Bug #1270 Calculation difference
Submitted: 12 Sep 2003 23:19 Modified: 13 Sep 2003 7:08
Reporter: Charles Schaffner Email Updates:
Status: Not a Bug Impact on me:
None 
Category:MySQL Server: User-defined functions ( UDF ) Severity:S3 (Non-critical)
Version:4.0.14b OS:Windows (Windows)
Assigned to: CPU Architecture:Any

[12 Sep 2003 23:19] Charles Schaffner
Description:
The Standard deviation function appears to be using "N" in the denominator when I beleive it should be using "N-1". I have verified the results using both manual computaion and also Excel. 

Thanks for the support and such a great product
Chuck Schaffner
cas7@cox.net

How to repeat:
any random set of numbers. calculate standard deviation and the verify the resut with excel.

Suggested fix:
Change function
[13 Sep 2003 4:23] Antony Curtis
Variance is defined as the square of the mean minus the mean of the squares.
So where does this "N-1" come from?
[13 Sep 2003 4:25] Antony Curtis
Oops, I meant the mean of the squares minus the square of the means.
[13 Sep 2003 7:08] Guilhem Bichot
Quoting some dictionary:
"The standard deviation of a random variable or list of numbers (the lowercase greek sigma) is the square of the variance. The standard deviation of the list x1, x2, x3...xn is given by the formula:

 sigma = sqrt(((x1-(avg(x)))^2 + (x1-(avg(x)))^2 +
              ...  + (xn(avg(x)))^2)/n)

The formula is used when all of the values in the population are known. If the values x1...xn are a random sample chosen from the population, then the sample Standard Deviation is calculated with same formula, except that (n-1) is used as the denominator."
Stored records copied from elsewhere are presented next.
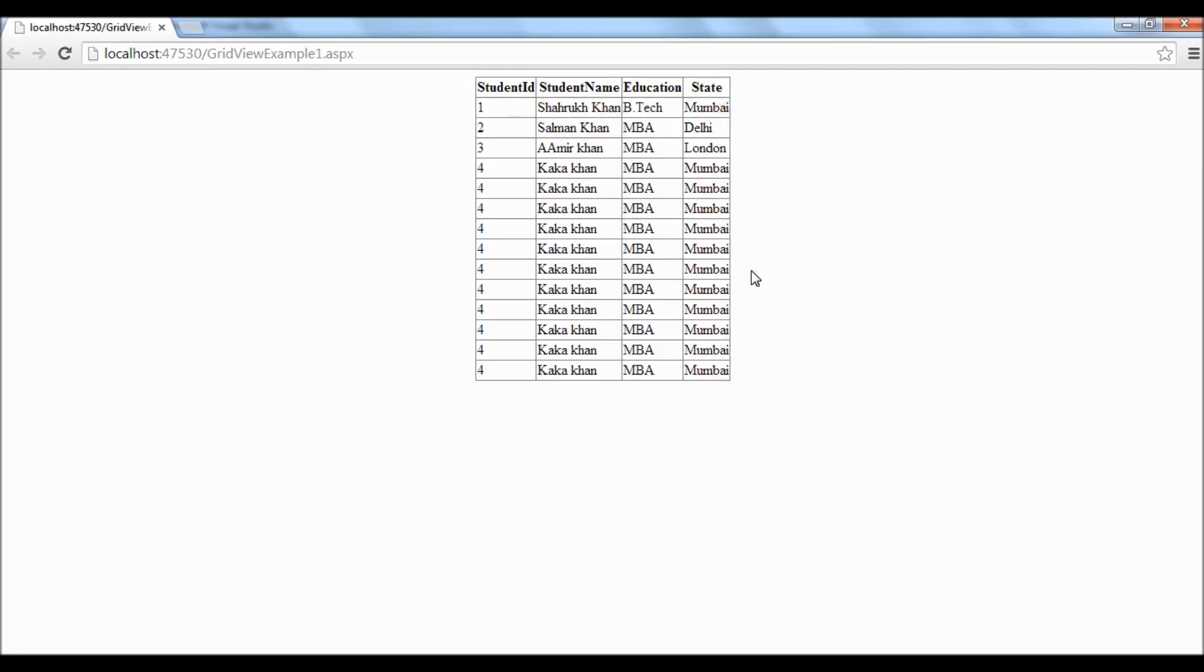So in this tutorial we have learned how to bind a data table to a grid view which is dynamically created. So thanks for watching. You can subscribe our channel 20fingers2brains on youtube. Also you can visit our blog 20fingers2brains.blogspot.com.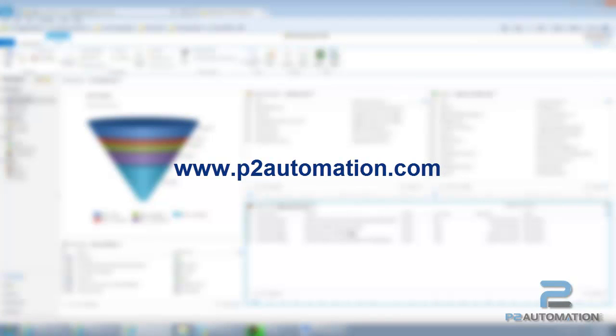If you'd like more information about how to track cases for your organization, contact us at P2Automation.com.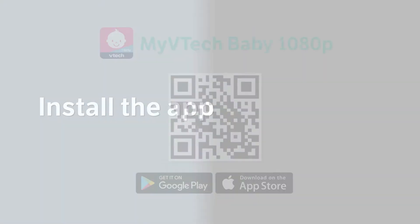First, you will need to locate the app. You may scan the QR code displayed here or search my VTEC Baby 1080p in your app store. Then download the app.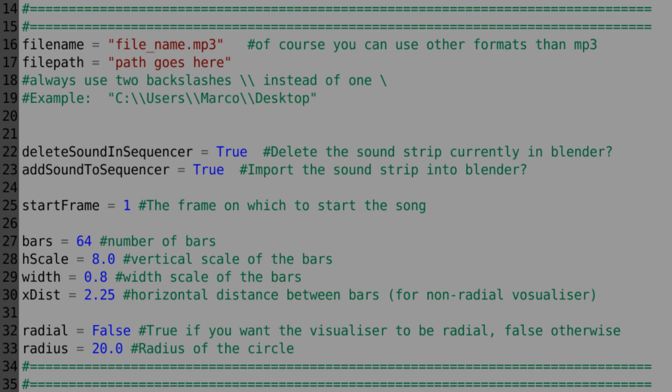The number of bars is, well, quite simply the number of bars. H scale is the vertical scale of the bars, how high they'll pop up with the music.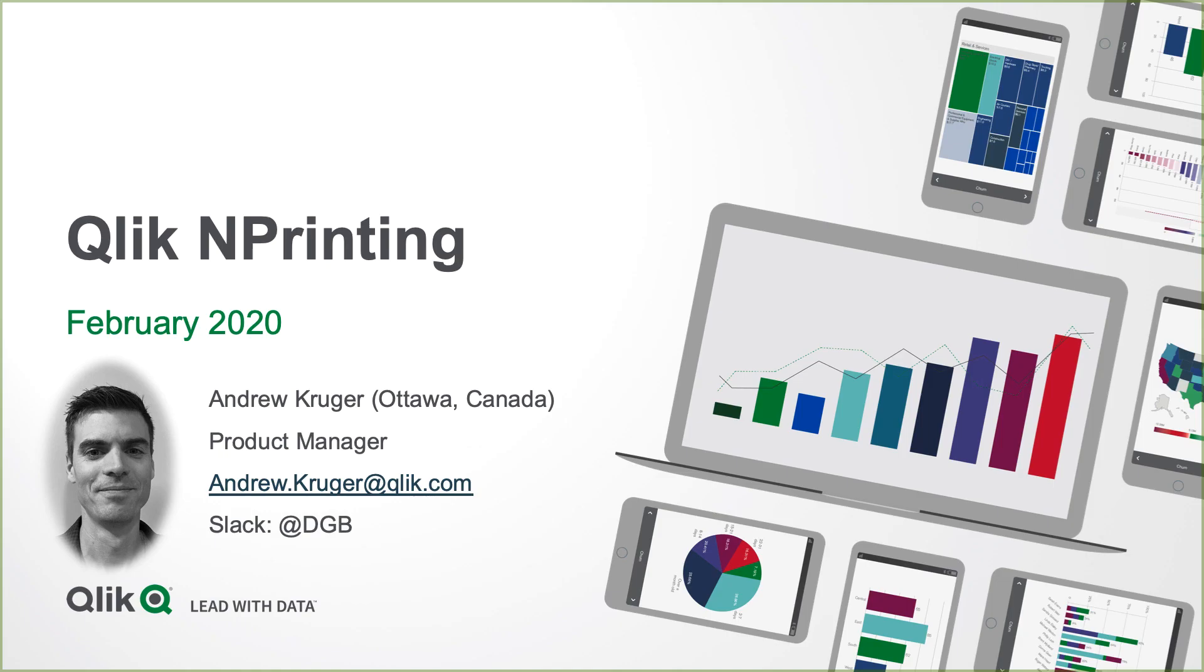Hello and welcome to the Qlik NPrinting February 2020 release overview. My name is Andrew Kruger. I've just joined the NPrinting team as the product manager. I'm based in Ottawa, Canada, and I look forward to hearing from you.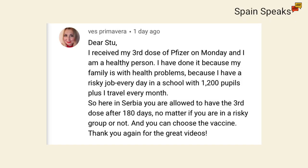One here from Vesprimovera, Dear Stu, I received my third dose of Pfizer on Monday, and I am a healthy person. I have done it because my family is with health problems, because I have a risky job every day in a school with 1,200 pupils, plus I travel every month. So here in Serbia, you are allowed to have the third dose after 180 days, no matter if you are in the risky group or not, and you can choose the vaccine. Thanks again for the great videos.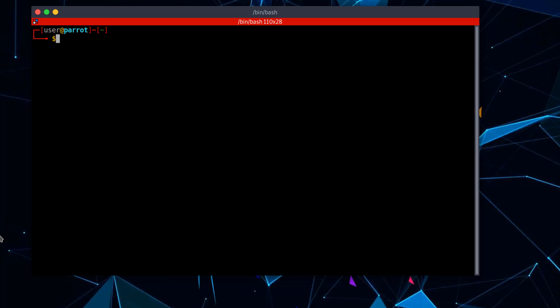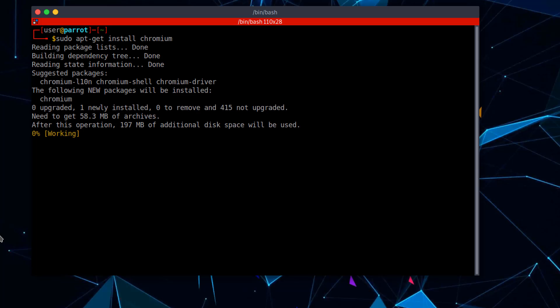So, sudo apt get install chromium chromium browser. Boom.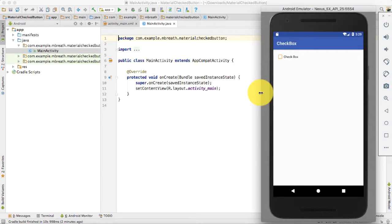Hi, this is Lachemika Antivari and welcome back to your new tutorial. In the previous tutorial we have seen how to create a switch, and now in this one I am going to show you how you can create checkboxes and then how you can customize their color according to the material design guidelines.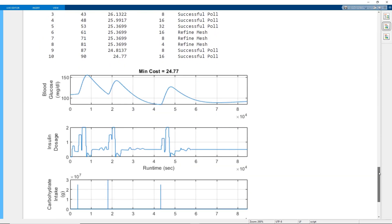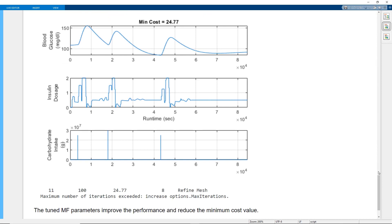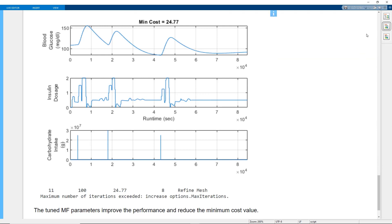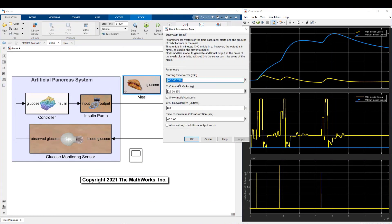This plot shows the optimization results with the tuned membership functions, which improve the controller performance and reduce the minimum cost value. You can now simulate the model with different mealtime and carbohydrate intake values to validate the controller performance.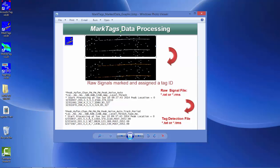This bottom example of a data file is a tag detection file that has all the information contained within the raw file, but at the very end it also has the ID of the tag. For example, here we've marked this data and assigned it tag 2052.09 as the ID that's been assigned to those series of signals.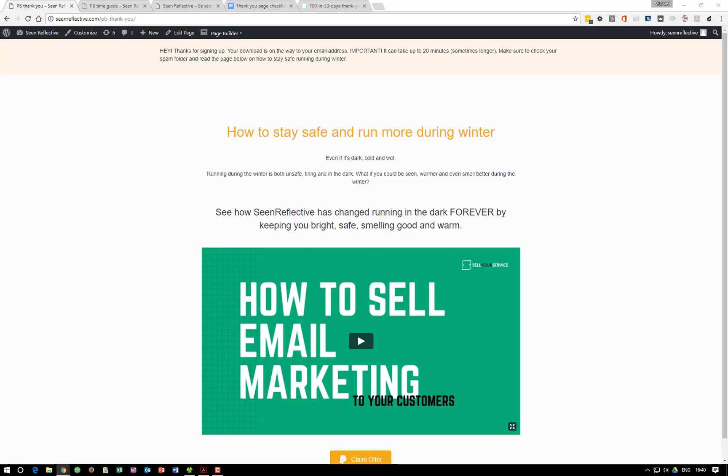Next time we're going to be going over a delivery page — how you deliver content. When we send that email saying 'here's your download, your worksheet, your video, your offer,' we actually want to take someone to a delivery page rather than just sending them straight to the PDF. I'll show you how we build delivery pages that work very well, convert highly, and are another opportunity to upsell. Speak to you guys later.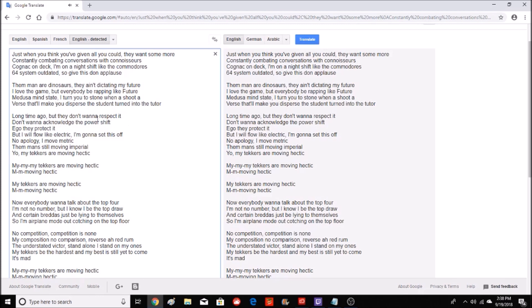But they don't wanna respect it, don't wanna acknowledge the power shift. Ego they protect, but I will flow like electric. I'm gonna set this off, no apology. I move metric, them on still moving imperial.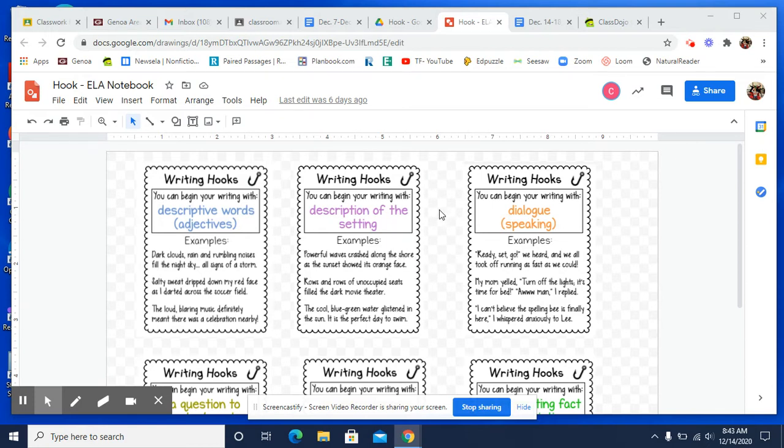So now, as you begin writing your narrative, I want you to concentrate on the hook today. And all that means is begin your narrative. But begin your narrative where you are writing a hook that grabs the attention of the reader. So you need to choose one.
When you have a random sample, the mean of the rows is not exactly the mean of the population, so easy calculus shows that you need 1/(n-1) for the variance (calculated on the sample) to be an "unbiased estimate" of the variance of the population.
In MySQL, VARIANCE() (which is the square of STDDEV()) has 1/n, it considers the rows as the population (I'm documenting this now). Excel has VAR() (sample variance) and VARP() (population variance).
[13 Sep 2003 13:09] Charles Schaffner
Thanks for the very fast response. We use it for lab results and need the n-1 value so I will make a small function that will take your result and square it and mulitply it by n/(n-1) and then take the square root.

Thanks again
cas7@cox.net
[28 Feb 2005 19:30] Paul DuBois
VAR_SAMP() and STDDEV_SAMP() functions for
calculating sample variance and standard deviation
values have been added to MySQL 5.0.3.